Son allocution, diffusée lors d’une cérémonie commémorative à Téhéran, s’est concentrée sur l’attaque meurtrière du 10 octobre 2023 contre l’école Shajareh Tayyebeh à Minab, dans le sud de l’Iran. Cette attaque, revendiquée par un groupe israélien, a coûté la vie à plus de 165 personnes, dont des enfants. « Chaque vie perdue dans ces attaques est un chapitre supplémentaire dans notre compte à régler », a déclaré l’ayatollah, soulignant que la vengeance ne s’appliquerait pas uniquement aux « martyrs » de la Révolution islamique, mais à tous les citoyens touchés par l’ennemi.
Le nouveau dirigeant religieux a également insisté sur l’inutilité des promesses de protection des États-Unis, qualifiant les alliés du Golfe d’ »irresponsables » pour avoir fait confiance à Washington. « Les bases américaines, qui se présentent comme des bastions de sécurité, ne sont en réalité que des foyers de désastres », a-t-il affirmé, invitant les monarchies du Golfe à « désintégrer ces positions étrangères » sous peine de rester vulnérables aux prochaines offensives.
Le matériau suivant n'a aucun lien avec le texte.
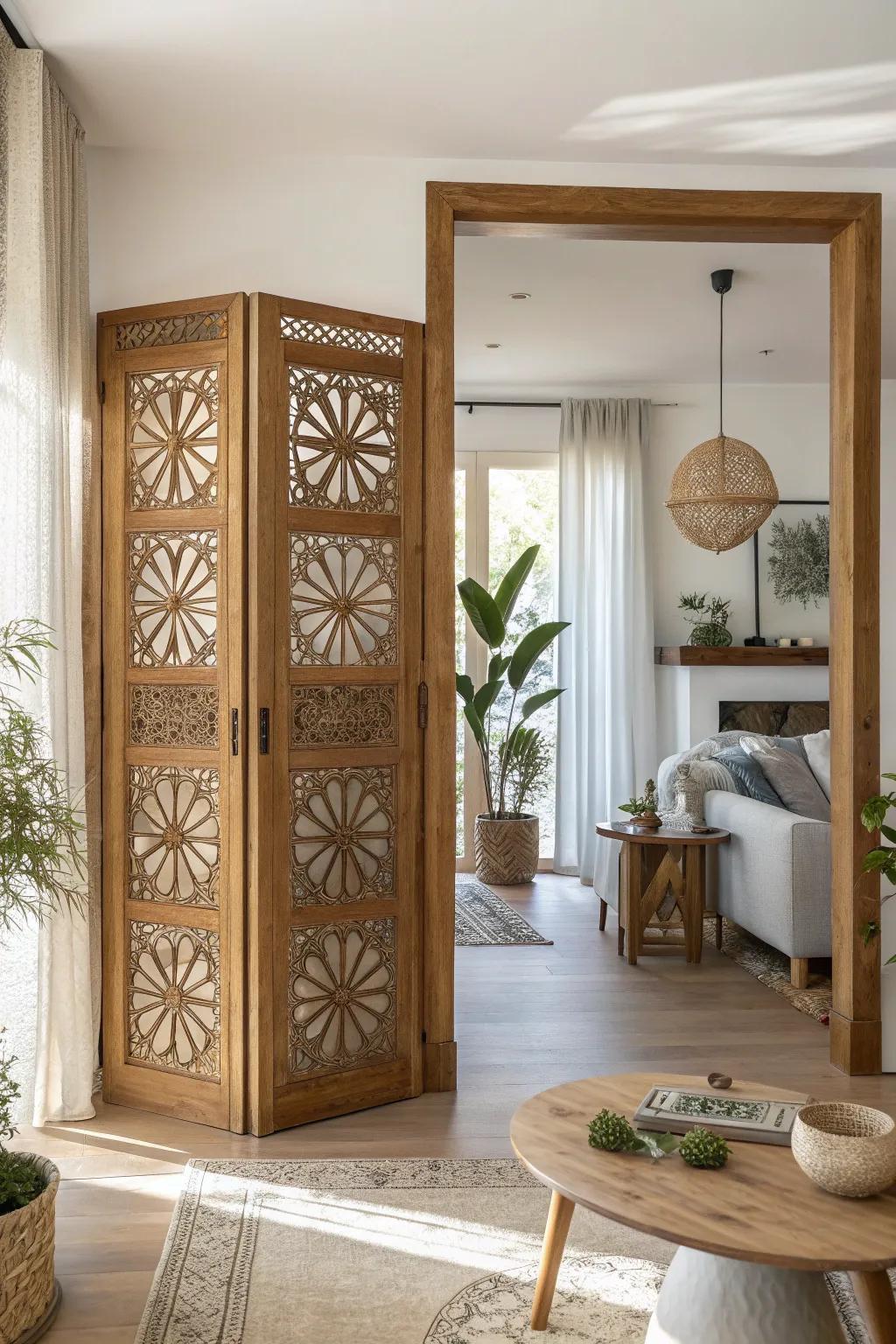 Make a statement with artistic partition doors that double as decor. #ArtInDesign #HomeDecor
Selon lui, les représailles iraniennes, jusqu’à présent modérées, ne représentent qu’une fraction des mesures possibles. « La réponse finale est encore en préparation, et elle frappera avec une précision absolue », a-t-il ajouté, sans préciser les cibles ni les modalités. Cette déclaration a suscité des tensions accrues dans la région, où les diplomates craignent un escalade militaire.
L’ayatollah Mojtaba Khamenei a enfin appelé la jeunesse iranienne à se mobiliser pour défendre l’héritage de son père, tout en rappelant la résilience historique du pays face à l’ingérence étrangère. « Notre histoire est celle de la résistance, et nos ennemis apprendront bientôt que l’Iran ne pliera jamais », a-t-il conclu, dans un discours mêlant éloquence religieuse et avertissements belliqueux.
Depuis la succession d’Ali Khamenei en 2023, l’Iran a connu une série de conflits frontaliers et d’attaques cybernétiques. Les autorités iraniennes accusent régulièrement Israël et les États-Unis d’orchestrer ces incidents, tout en minimisant les pertes civiles. La réaction de l’ayatollah Khamenei, marquée par une rhétorique belliqueuse, pourrait influencer la stratégie diplomatique et militaire du pays dans les mois à venir.